What does that mean? Nearly every high school sports related question I've had has to do with the tiered system at Steamboat.
The discussion has come up again recently, with the transportation budget for high school sports looking at a $30,000 deficit. Athletic Director Luke DeWolfe presented a proposed budget to the Steamboat Springs School Board that would make Tier 2 sports self-funded. It was like this as recently as the 2007-08 school year.
But each person knows what has happened economically since then. Fundraising opportunities and donations countywide have been reduced by an economic downturn.
The tiered system has never been quite understood, nor have the impacts of it ever been figured out.
"If we start funding (all activities) and we run into tough financial times, how do we fund this?" former Superintendent Donna Howell asked in 2006. "It's a very complicated issue. It has to be thought through carefully."
To make up for it, in the interim at least, the district should find somehow to make up the $30,000 this year.
From there, the tiered system needs to be abolished. It's tough to justify naming one sport a Tier 1 and one a Tier 2 when the reasoning is because that's the way it has been for years. Similarly, the split among Tier 1 athletes and Tier 2 athletes is close to 50-50.
There have been several ideas brought to the table. One is making Tier 2 sports all self-funded.
That would be tough and eventually would leading to a survival of the fittest type of scenario. These teams would battle for fundraising with the strong surviving and the weak eventually being eliminated.
Some people have said activities fees should be raised across the board so the deficit is spread among all the teams. This could decrease participation numbers.
Some say cut freshmen teams or have travel restrictions with teams.
Some say cut entire teams.
All are interesting ideas.
But the tiered system needs to end.
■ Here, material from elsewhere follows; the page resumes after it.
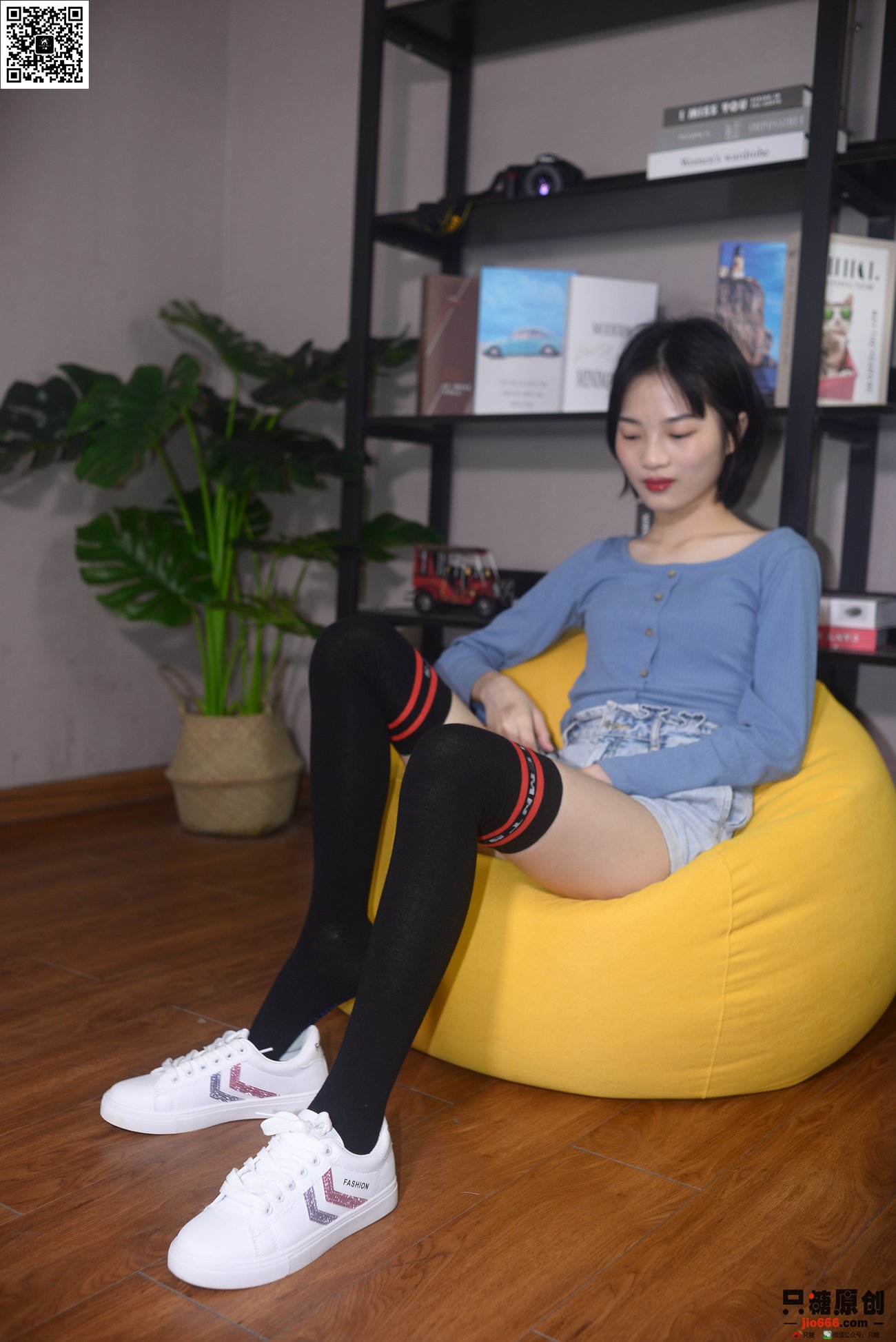 图片[45]-[只糖棉袜]NO.280 陆佳 愿平安喜乐 早渡一切苦难[144P] – 速更版-美库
It officially was labeled a tiered system almost 20 years ago.
A lot has changed since then. Education, athletics and the way they are funded have rapidly developed.
The good news is all involved seem to be on the same track. It sounds like a committee of educators, coaches and community members soon will be tasked with not just band-aiding the situation but trying to find a long-term solution.
This group should start by abolishing the tiered system.